Tackling challenges in peer-to-peer and individual giving

Sustainable funding is critical to driving your mission, but outdated tools and clunky processes can hold you back. When fundraising becomes complicated and giving feels frustrating for donors, even your most dedicated supporters can disengage. The result? Fewer gifts, lower donor retention, and stalled revenue growth.
Nonprofit teams often spend more time troubleshooting tech than building relationships, while donation experiences that aren’t optimized to meet supporters where they are lead to drop-offs and missed opportunities for recurring giving. Plus, supporters struggle to fundraise on your behalf when platforms are hard to navigate or lack personalization, creating a disconnect that limits engagement and loyalty.
If fundraising feels more and more complex, you’re not alone. In this blog, we’ll identify key pain points of peer-to-peer fundraising and individual giving, and walk through some data-backed strategies to help you overcome barriers and accelerate growth.
The growing complexity of fundraising at scale
In today’s environment, organizations encounter more than tight budgets and fluctuating donor retention. Navigating multifaceted fundraising portfolios, managing distributed responsibilities across teams, and engaging sophisticated donor bases that expect seamless, multi-channel experiences are common challenges. Outdated or siloed tech stacks can compromise supporter experiences and create inefficiencies, undermining your ability to drive mission-critical outcomes.
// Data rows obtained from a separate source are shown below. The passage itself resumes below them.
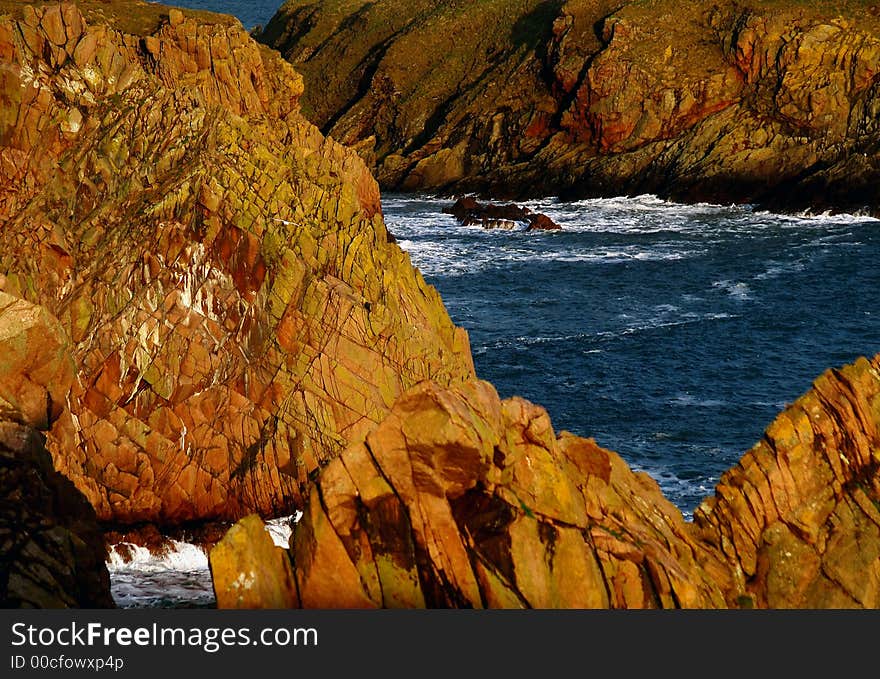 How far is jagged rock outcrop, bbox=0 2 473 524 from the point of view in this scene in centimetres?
3531

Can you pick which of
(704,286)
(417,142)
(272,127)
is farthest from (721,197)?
(272,127)

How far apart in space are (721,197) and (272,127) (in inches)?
2820

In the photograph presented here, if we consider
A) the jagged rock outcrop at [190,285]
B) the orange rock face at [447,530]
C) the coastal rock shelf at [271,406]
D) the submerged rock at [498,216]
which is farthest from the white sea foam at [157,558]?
the submerged rock at [498,216]

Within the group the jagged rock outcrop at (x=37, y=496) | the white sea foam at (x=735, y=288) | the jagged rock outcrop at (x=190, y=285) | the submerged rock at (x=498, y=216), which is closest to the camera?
the jagged rock outcrop at (x=37, y=496)

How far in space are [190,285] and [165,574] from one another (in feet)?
30.0

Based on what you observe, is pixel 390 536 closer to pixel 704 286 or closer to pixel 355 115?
pixel 704 286

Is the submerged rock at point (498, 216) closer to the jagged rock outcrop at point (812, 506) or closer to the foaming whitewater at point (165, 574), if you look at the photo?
the foaming whitewater at point (165, 574)

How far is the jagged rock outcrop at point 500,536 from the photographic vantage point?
18219 mm

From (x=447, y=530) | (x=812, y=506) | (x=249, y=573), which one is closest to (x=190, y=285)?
(x=249, y=573)

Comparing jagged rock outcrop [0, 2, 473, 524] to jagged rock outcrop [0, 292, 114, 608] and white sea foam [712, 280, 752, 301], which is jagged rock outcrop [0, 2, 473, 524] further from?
white sea foam [712, 280, 752, 301]

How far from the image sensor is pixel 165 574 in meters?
32.7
Top four roadblocks for nonprofit organizations operating at scale
1. Donor expectations are rising across the board
Major donors, corporate partners, and individual supporters now expect tailored, digital-first engagement. Legacy platforms and fragmented data often make it difficult to deliver personalized experiences, risking both loyalty and long-term giving.
2. Disjointed technology impedes strategic focus
Many organizations run multiple tools for events, peer-to-peer fundraising, and individual giving, which leads to data silos, duplicate work, and reporting challenges that pull staff away from strategic initiatives.
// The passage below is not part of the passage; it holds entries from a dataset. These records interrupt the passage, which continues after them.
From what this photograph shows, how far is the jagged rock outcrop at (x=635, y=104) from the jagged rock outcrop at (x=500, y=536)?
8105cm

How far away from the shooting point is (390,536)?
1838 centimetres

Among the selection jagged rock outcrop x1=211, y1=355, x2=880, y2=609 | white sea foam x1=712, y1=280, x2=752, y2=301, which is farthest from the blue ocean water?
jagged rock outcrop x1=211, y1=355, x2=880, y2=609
3. Workforce bandwidth and change fatigue
Teams can drive powerful results, but only when supported by streamlined processes and intuitive technology. When departments operate in silos or staff are forced to navigate complex systems, morale and productivity can suffer.
4. Event fundraising needs innovation
Events risk plateauing or losing relevance unless they evolve with donor behaviors and incorporate personalization, user-friendly fundraising experiences, and unique experiential formats.
Overcoming fundraising challenges: Strategic solutions for nonprofit leaders
To grow sustainably, your organization needs more than small changes. It needs clear, actionable strategies. Here’s how nonprofits can address common challenges and improve their approach to fundraising.
1. Make giving easy across devices and channels
Your supporters expect intuitive, cross-device giving. Audit your current systems for gaps: Are donation forms easy to use, responsive, and secure? Does your platform offer digital wallet payments and easy recurring gift set-up? Addressing these questions directly impacts retention and lifetime value for both individual and institutional donors.
Actionable step: Conduct a comprehensive user journey audit, leveraging analytics to pinpoint drop-off points. Then invest in platforms that streamline the donor experience from pledge to stewardship.
2. Simplify event setup and supporter fundraising
Complicated peer-to-peer tools can hold back your fundraising efforts. Focus on solutions that make it easy for your nonprofit team to set up events while providing a seamless experience for volunteers, teams, and ambassadors. Scalable tools should streamline customization and ensure consistency across campaigns.
Actionable step: Look for a platform that allows you to set up branded events easily, without requiring technical expertise or developers. Choose one that offers fundraisers a modern, mobile-friendly interface to simplify the process and improve their experience.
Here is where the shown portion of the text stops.